10.1.2 Change or create a single numeric column with a static numeric value

Description
Method to change or create a numeric column with a single specific numeric value
Ingredients
Package Data

readr
dplyr

sample.csv


Preparation

df <- readr::read_csv("C:/data/sample.csv")


Sample Instructions

package::function(data, column_name = number)


Actual Instructions

dplyr::mutate(df, population = 100000)

10.1.3 Change a single date column with a static date value

Description
Method to change a date column with a single specific date value
Ingredients
Package Data

readr
dplyr

sample.csv


Preparation

df <- readr::read_csv("C:/data/sample.csv")


Sample Instructions

package::function(data, column_name = "yyyy-mm-dd")


Actual Instructions

dplyr::mutate(df, date_added = "2021-11-19")

10.1.4 Create a new date column with a static date value

Description
Method to create a new date column with a single specific date value
Ingredients
Package Data

readr
dplyr

sample.csv


Preparation

df <- readr::read_csv("C:/data/sample.csv")


Sample Instructions

package::function(data, new_column_name = as.Date("yyyy-mm-dd"))


Actual Instructions

dplyr::mutate(df, date_added = as.Date("2021-11-19"))
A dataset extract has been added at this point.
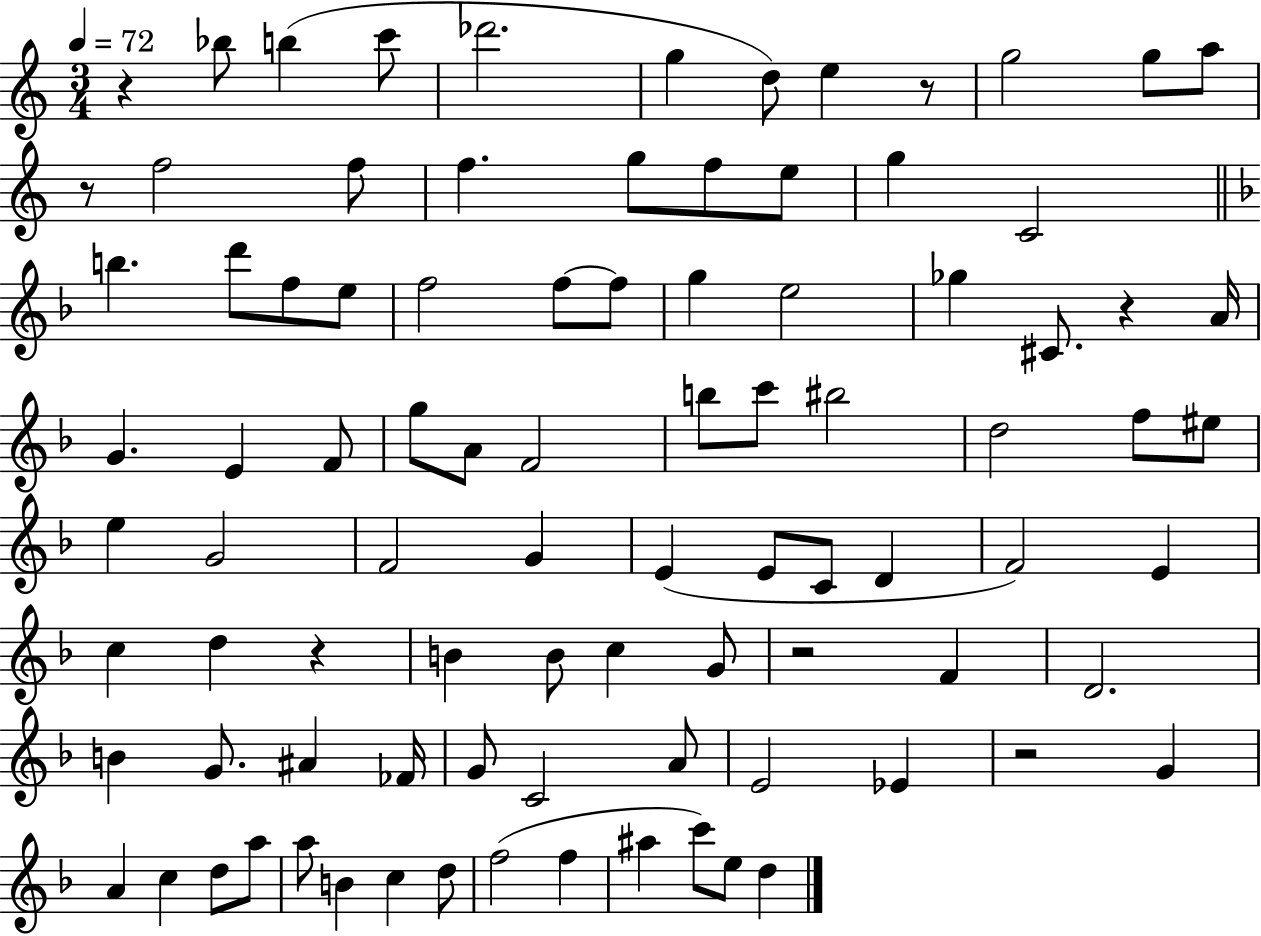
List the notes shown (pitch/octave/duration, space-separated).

R/q Bb5/e B5/q C6/e Db6/h. G5/q D5/e E5/q R/e G5/h G5/e A5/e R/e F5/h F5/e F5/q. G5/e F5/e E5/e G5/q C4/h B5/q. D6/e F5/e E5/e F5/h F5/e F5/e G5/q E5/h Gb5/q C#4/e. R/q A4/s G4/q. E4/q F4/e G5/e A4/e F4/h B5/e C6/e BIS5/h D5/h F5/e EIS5/e E5/q G4/h F4/h G4/q E4/q E4/e C4/e D4/q F4/h E4/q C5/q D5/q R/q B4/q B4/e C5/q G4/e R/h F4/q D4/h. B4/q G4/e. A#4/q FES4/s G4/e C4/h A4/e E4/h Eb4/q R/h G4/q A4/q C5/q D5/e A5/e A5/e B4/q C5/q D5/e F5/h F5/q A#5/q C6/e E5/e D5/q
10.1.5 Change or create multiple character columns with a static character value

Description
Method to change or create multiple character columns with a single specific character value
Ingredients
Package Data

readr
dplyr

sample.csv


Preparation

df <- readr::read_csv("C:/data/sample.csv")


Sample Instructions

package::function(data, column_name1 = "text",
                  column_name2 = "text")


Actual Instructions

dplyr::mutate(df, country = "Canada",
              country_code = "CA")

10.1.6 Change or create multiple numeric columns with a static numeric value

Description
Method to change or create multiple numeric columns with a single specific numeric value
Ingredients
Package Data

readr
dplyr

sample.csv


Preparation

df <- readr::read_csv("C:/data/sample.csv")


Sample Instructions

package::function(data, column_name1 = number,
                  column_name2 = number)


Actual Instructions

dplyr::mutate(df, population = 100000,
              growth_rate = 1.75)

10.1.7 Change multiple date columns with a static date value

Description
Method to change multiple date columns with a single specific date value
Ingredients
Package Data

readr
dplyr

sample.csv


Preparation

df <- readr::read_csv("C:/data/sample.csv")


Sample Instructions

package::function(data, column_name1 = "yyyy-mm-dd",
                  column_name2 = "yyyy-mm-dd")


Actual Instructions

dplyr::mutate(df, date_added = "2021-11-19",
              date_changed = "2021-11-20")

10.1.8 Create multiple new date columns with a static date value

Description
Method to create multiple new date columns with a single specific date value
Ingredients
Package Data

readr
dplyr

sample.csv


Preparation

df <- readr::read_csv("C:/data/sample.csv")


Sample Instructions

package::function(data, new_column_name1 = as.Date("yyyy-mm-dd"),
                  new_column_name2 = as.Date("yyyy-mm-dd"))


Actual Instructions

dplyr::mutate(df, date_added = as.Date("2021-11-19"),
              date_changed = as.Date("2021-11-20"))

10.2 Using Existing Column(s)

Changing or creating data values in a column with values from an existing column of data; with examples for character, numeric, and date data types.

10.2.1 Create new character column from static text and a character column

Description
Method to create a new character column by combining values from a character column with static text
Ingredients
Package Data

readr
dplyr

sample.csv


Preparation

df <- readr::read_csv("C:/data/sample.csv")


Sample Instructions

package::function(data, new_column_name, paste0("text", column_name))


Actual Instructions

dplyr::mutate(df, label = paste0("My name is ", first_name))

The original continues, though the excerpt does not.